Torture
California Council of Churches has a deep commitment to ending US-sponsored torture. In alliance with the National Religious Campaign Against Torture, we are coordinating outreach and education projects that remind people of faith that torture is a moral issue. In times of past global tension and conflict, the United States has stood firmly against this heinous practice. Our nation's current engagement in practices that we once renounced puts our moral as well as political leadership in jeopardy. Using our young men and women to inflict harm on thousands of others places the perpetrators as well as the victims of torture in deep and perhaps irrevocable moral, mental, and emotional peril. We are using our voices, from all our faith members, to renounce this despicable practice and call for a return to the standards that have long distinguished us as a just and humane people.

Food Security
Food security is a standard of well being this state and its people have long accepted as the norm. Over the past decades, however, growing numbers of our residents are becoming victims of both massive malnutrition and outright hunger. More and more we find people food scarce relying on food banks, pantries, and kitchens. Many of our congregations operate some form of food distribution on a daily, weekly, or monthly basis. We are called to remind ourselves that food is a basic human necessity and to educate our congregations and members on the many food programs that can and must exist to alleviate hunger.
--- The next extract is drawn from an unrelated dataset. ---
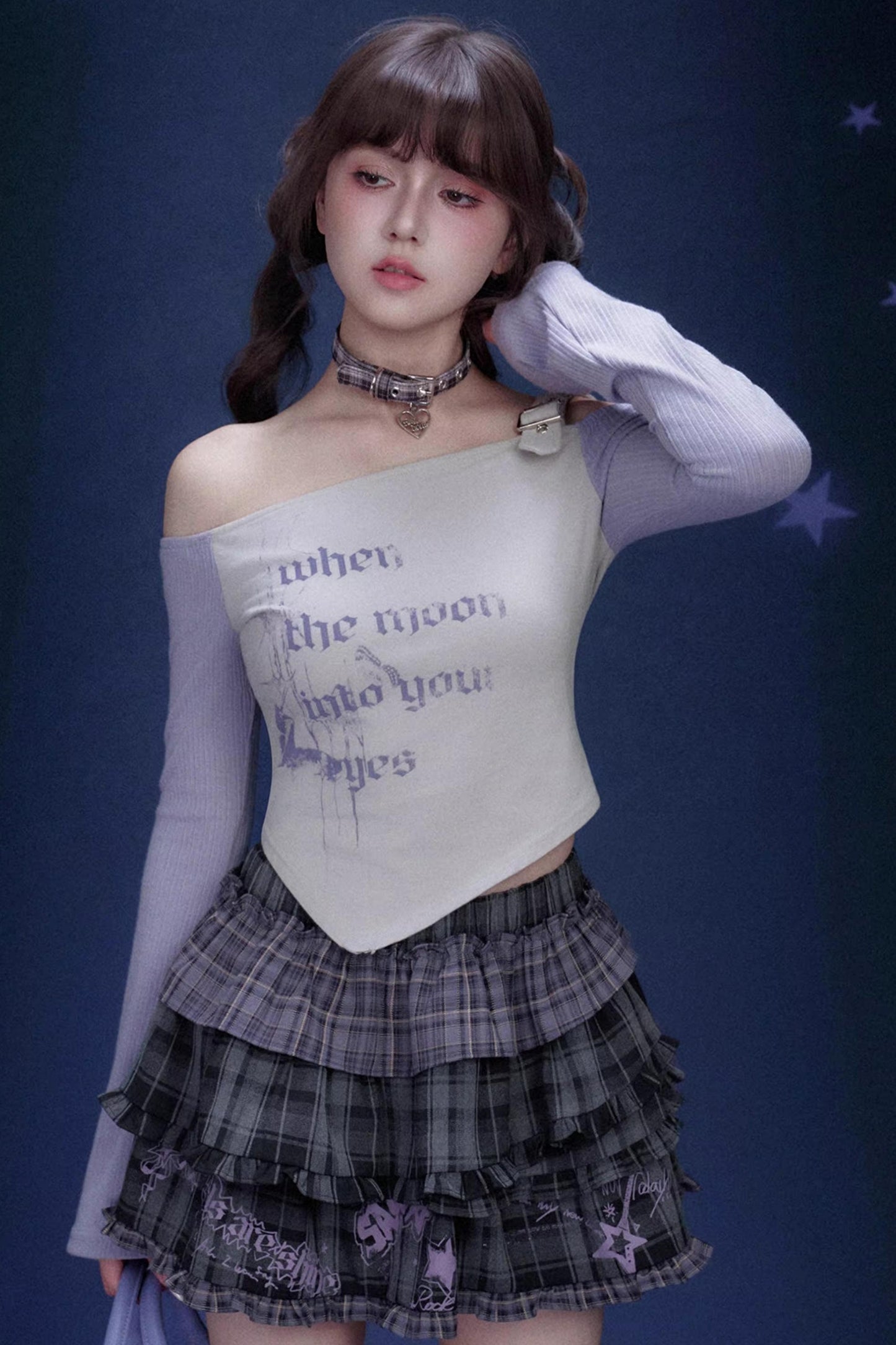 Pure Off-Shoulder Blouse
We enlist our members in giving both the helping hand of filling immediate need and in speaking for those same people in permanently altering the conditions of hunger here and abroad.

Interfaith Understanding

Building Bridges of Understanding
An Interfaith Response to September 11th

The California Council of Churches invites you to begin a journey of interfaith understanding with the use of this 6-session study guide and video for congregations, which introduces the six major religious traditions in California. We believe that you will find this a good beginning point in discovering the variety and diversity of religious traditions in the United States today.

The challenge of knowing one's neighbor in our California communities is often complicated. Beyond geographic, linguistic, socioeconomic and political boundaries, there also are six major religious traditions that co-exist in a myriad of expressions throughout the state. While diverse in theology and practice, they all at heart encompass a vision of the sacredness of human life, community, tolerance, and justice. Yet many of us have little experience with or knowledge of those traditions outside our own.

In the Harvard University Pluralism Project, Diana Eck noted that "how Americans of all faiths and beliefs can engage with one another to shape a positive pluralism is one of the essential questions - perhaps the most important facing American society...religious diversity in our civil and neighborly lives is emerging, mostly unseen, as the great challenge of the twenty-first century."

To begin meeting that challenge we have produced our newest study guide, Building Bridges of Understanding. It is not designed either to promote universalism or to view any tradition through the prism of Christianity. Instead it is an academic look at six faith traditions and a glimpse at their inward expression and outward models of community service. The Center for Religion and Civic Culture at the University of Southern California is a partner in this effort, which has been largely funded by The California Endowment.

When we offer love, respect, and dignity to our neighbors, we lower our tolerance for hate crimes to be committed against each other. When we seek dialogue with and service to each other, we offer national security beyond any borders. Through this guide, may we see each other as neighbors, not as strangers; as co-inhabitants, not as "others". Join us in Building Bridges of Understanding in California.

In addition to the study guide we also offer a video resource which supplements the printed materials with a personal look at how individuals from the various traditions live out their faith today in California.